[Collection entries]
○ ○ ○ ○ ○ ○ ○

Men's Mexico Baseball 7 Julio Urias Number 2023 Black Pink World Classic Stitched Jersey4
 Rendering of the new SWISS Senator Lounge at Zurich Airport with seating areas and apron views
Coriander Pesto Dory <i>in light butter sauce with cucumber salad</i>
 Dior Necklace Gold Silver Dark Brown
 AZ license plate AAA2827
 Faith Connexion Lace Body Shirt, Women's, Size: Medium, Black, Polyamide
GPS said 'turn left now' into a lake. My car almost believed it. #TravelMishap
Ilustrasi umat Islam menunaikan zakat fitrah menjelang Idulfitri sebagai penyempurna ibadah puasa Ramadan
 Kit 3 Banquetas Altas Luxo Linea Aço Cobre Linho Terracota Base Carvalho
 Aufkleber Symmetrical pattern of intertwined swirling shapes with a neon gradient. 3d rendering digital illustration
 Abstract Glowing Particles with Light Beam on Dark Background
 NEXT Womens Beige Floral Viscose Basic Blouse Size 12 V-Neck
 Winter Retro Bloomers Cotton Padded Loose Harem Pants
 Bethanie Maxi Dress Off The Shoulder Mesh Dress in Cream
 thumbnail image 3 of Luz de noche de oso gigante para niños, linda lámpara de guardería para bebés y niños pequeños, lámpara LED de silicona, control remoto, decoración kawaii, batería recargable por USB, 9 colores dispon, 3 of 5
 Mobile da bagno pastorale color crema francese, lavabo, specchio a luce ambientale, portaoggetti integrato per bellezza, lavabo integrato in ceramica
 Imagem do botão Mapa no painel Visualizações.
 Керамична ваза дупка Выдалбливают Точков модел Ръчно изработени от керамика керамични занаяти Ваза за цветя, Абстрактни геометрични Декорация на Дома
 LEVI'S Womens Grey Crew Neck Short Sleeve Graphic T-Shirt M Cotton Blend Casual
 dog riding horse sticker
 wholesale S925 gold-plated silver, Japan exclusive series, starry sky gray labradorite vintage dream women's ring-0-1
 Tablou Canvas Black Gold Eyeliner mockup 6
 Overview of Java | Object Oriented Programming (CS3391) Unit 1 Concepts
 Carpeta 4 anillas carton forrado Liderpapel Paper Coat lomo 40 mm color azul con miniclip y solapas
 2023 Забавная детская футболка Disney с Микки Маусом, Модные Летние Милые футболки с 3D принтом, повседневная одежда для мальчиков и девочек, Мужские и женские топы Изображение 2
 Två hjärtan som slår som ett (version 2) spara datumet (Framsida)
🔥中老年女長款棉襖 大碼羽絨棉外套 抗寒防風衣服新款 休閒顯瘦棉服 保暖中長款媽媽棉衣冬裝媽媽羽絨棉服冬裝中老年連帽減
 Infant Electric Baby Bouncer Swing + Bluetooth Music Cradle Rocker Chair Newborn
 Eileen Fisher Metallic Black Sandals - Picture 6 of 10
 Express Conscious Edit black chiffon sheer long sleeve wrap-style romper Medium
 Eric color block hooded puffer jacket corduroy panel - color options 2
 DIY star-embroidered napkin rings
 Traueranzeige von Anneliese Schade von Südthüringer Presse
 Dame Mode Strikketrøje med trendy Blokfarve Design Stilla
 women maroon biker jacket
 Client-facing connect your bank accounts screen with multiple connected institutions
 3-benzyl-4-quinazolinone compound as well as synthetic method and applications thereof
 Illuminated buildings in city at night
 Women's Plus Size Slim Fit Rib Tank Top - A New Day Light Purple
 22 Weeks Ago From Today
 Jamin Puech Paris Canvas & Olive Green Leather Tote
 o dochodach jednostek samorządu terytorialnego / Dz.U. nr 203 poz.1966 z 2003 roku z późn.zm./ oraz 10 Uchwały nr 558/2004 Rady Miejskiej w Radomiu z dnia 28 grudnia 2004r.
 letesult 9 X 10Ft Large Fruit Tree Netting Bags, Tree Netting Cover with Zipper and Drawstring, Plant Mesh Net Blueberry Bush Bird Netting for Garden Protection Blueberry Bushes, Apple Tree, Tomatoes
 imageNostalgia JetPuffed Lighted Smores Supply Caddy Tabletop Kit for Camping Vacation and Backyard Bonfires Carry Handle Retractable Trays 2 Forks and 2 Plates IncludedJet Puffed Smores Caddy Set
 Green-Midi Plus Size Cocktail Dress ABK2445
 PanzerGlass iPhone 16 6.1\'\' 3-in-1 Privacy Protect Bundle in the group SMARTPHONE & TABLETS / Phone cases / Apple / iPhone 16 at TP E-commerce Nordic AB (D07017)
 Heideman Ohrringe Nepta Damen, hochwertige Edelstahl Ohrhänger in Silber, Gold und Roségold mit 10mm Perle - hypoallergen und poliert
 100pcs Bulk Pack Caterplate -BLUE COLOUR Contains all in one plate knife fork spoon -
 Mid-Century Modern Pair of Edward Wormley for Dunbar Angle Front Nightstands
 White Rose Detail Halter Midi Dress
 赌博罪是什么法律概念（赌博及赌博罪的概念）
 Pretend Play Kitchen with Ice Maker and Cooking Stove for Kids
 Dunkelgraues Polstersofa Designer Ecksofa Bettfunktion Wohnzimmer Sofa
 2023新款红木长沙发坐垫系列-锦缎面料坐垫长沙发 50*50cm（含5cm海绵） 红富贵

○ ○ ○ ○ ○ ○ ○

§ Work required: What you should do is return the records above exactly, leaving nothing out.

§ Result of this exercise:
Men's Mexico Baseball 7 Julio Urias Number 2023 Black Pink World Classic Stitched Jersey4
 Rendering of the new SWISS Senator Lounge at Zurich Airport with seating areas and apron views
Coriander Pesto Dory <i>in light butter sauce with cucumber salad</i>
 Dior Necklace Gold Silver Dark Brown
 AZ license plate AAA2827
 Faith Connexion Lace Body Shirt, Women's, Size: Medium, Black, Polyamide
GPS said 'turn left now' into a lake. My car almost believed it. #TravelMishap
Ilustrasi umat Islam menunaikan zakat fitrah menjelang Idulfitri sebagai penyempurna ibadah puasa Ramadan
 Kit 3 Banquetas Altas Luxo Linea Aço Cobre Linho Terracota Base Carvalho
 Aufkleber Symmetrical pattern of intertwined swirling shapes with a neon gradient. 3d rendering digital illustration
 Abstract Glowing Particles with Light Beam on Dark Background
 NEXT Womens Beige Floral Viscose Basic Blouse Size 12 V-Neck
 Winter Retro Bloomers Cotton Padded Loose Harem Pants
 Bethanie Maxi Dress Off The Shoulder Mesh Dress in Cream
 thumbnail image 3 of Luz de noche de oso gigante para niños, linda lámpara de guardería para bebés y niños pequeños, lámpara LED de silicona, control remoto, decoración kawaii, batería recargable por USB, 9 colores dispon, 3 of 5
 Mobile da bagno pastorale color crema francese, lavabo, specchio a luce ambientale, portaoggetti integrato per bellezza, lavabo integrato in ceramica
 Imagem do botão Mapa no painel Visualizações.
 Керамична ваза дупка Выдалбливают Точков модел Ръчно изработени от керамика керамични занаяти Ваза за цветя, Абстрактни геометрични Декорация на Дома
 LEVI'S Womens Grey Crew Neck Short Sleeve Graphic T-Shirt M Cotton Blend Casual
 dog riding horse sticker
 wholesale S925 gold-plated silver, Japan exclusive series, starry sky gray labradorite vintage dream women's ring-0-1
 Tablou Canvas Black Gold Eyeliner mockup 6
 Overview of Java | Object Oriented Programming (CS3391) Unit 1 Concepts
 Carpeta 4 anillas carton forrado Liderpapel Paper Coat lomo 40 mm color azul con miniclip y solapas
 2023 Забавная детская футболка Disney с Микки Маусом, Модные Летние Милые футболки с 3D принтом, повседневная одежда для мальчиков и девочек, Мужские и женские топы Изображение 2
 Två hjärtan som slår som ett (version 2) spara datumet (Framsida)
🔥中老年女長款棉襖 大碼羽絨棉外套 抗寒防風衣服新款 休閒顯瘦棉服 保暖中長款媽媽棉衣冬裝媽媽羽絨棉服冬裝中老年連帽減
 Infant Electric Baby Bouncer Swing + Bluetooth Music Cradle Rocker Chair Newborn
 Eileen Fisher Metallic Black Sandals - Picture 6 of 10
 Express Conscious Edit black chiffon sheer long sleeve wrap-style romper Medium
 Eric color block hooded puffer jacket corduroy panel - color options 2
 DIY star-embroidered napkin rings
 Traueranzeige von Anneliese Schade von Südthüringer Presse
 Dame Mode Strikketrøje med trendy Blokfarve Design Stilla
 women maroon biker jacket
 Client-facing connect your bank accounts screen with multiple connected institutions
 3-benzyl-4-quinazolinone compound as well as synthetic method and applications thereof
 Illuminated buildings in city at night
 Women's Plus Size Slim Fit Rib Tank Top - A New Day Light Purple
 22 Weeks Ago From Today
 Jamin Puech Paris Canvas & Olive Green Leather Tote
 o dochodach jednostek samorządu terytorialnego / Dz.U. nr 203 poz.1966 z 2003 roku z późn.zm./ oraz 10 Uchwały nr 558/2004 Rady Miejskiej w Radomiu z dnia 28 grudnia 2004r.
 letesult 9 X 10Ft Large Fruit Tree Netting Bags, Tree Netting Cover with Zipper and Drawstring, Plant Mesh Net Blueberry Bush Bird Netting for Garden Protection Blueberry Bushes, Apple Tree, Tomatoes
 imageNostalgia JetPuffed Lighted Smores Supply Caddy Tabletop Kit for Camping Vacation and Backyard Bonfires Carry Handle Retractable Trays 2 Forks and 2 Plates IncludedJet Puffed Smores Caddy Set
 Green-Midi Plus Size Cocktail Dress ABK2445
 PanzerGlass iPhone 16 6.1\'\' 3-in-1 Privacy Protect Bundle in the group SMARTPHONE & TABLETS / Phone cases / Apple / iPhone 16 at TP E-commerce Nordic AB (D07017)
 Heideman Ohrringe Nepta Damen, hochwertige Edelstahl Ohrhänger in Silber, Gold und Roségold mit 10mm Perle - hypoallergen und poliert
 100pcs Bulk Pack Caterplate -BLUE COLOUR Contains all in one plate knife fork spoon -
 Mid-Century Modern Pair of Edward Wormley for Dunbar Angle Front Nightstands
 White Rose Detail Halter Midi Dress
 赌博罪是什么法律概念（赌博及赌博罪的概念）
 Pretend Play Kitchen with Ice Maker and Cooking Stove for Kids
 Dunkelgraues Polstersofa Designer Ecksofa Bettfunktion Wohnzimmer Sofa
 2023新款红木长沙发坐垫系列-锦缎面料坐垫长沙发 50*50cm（含5cm海绵） 红富贵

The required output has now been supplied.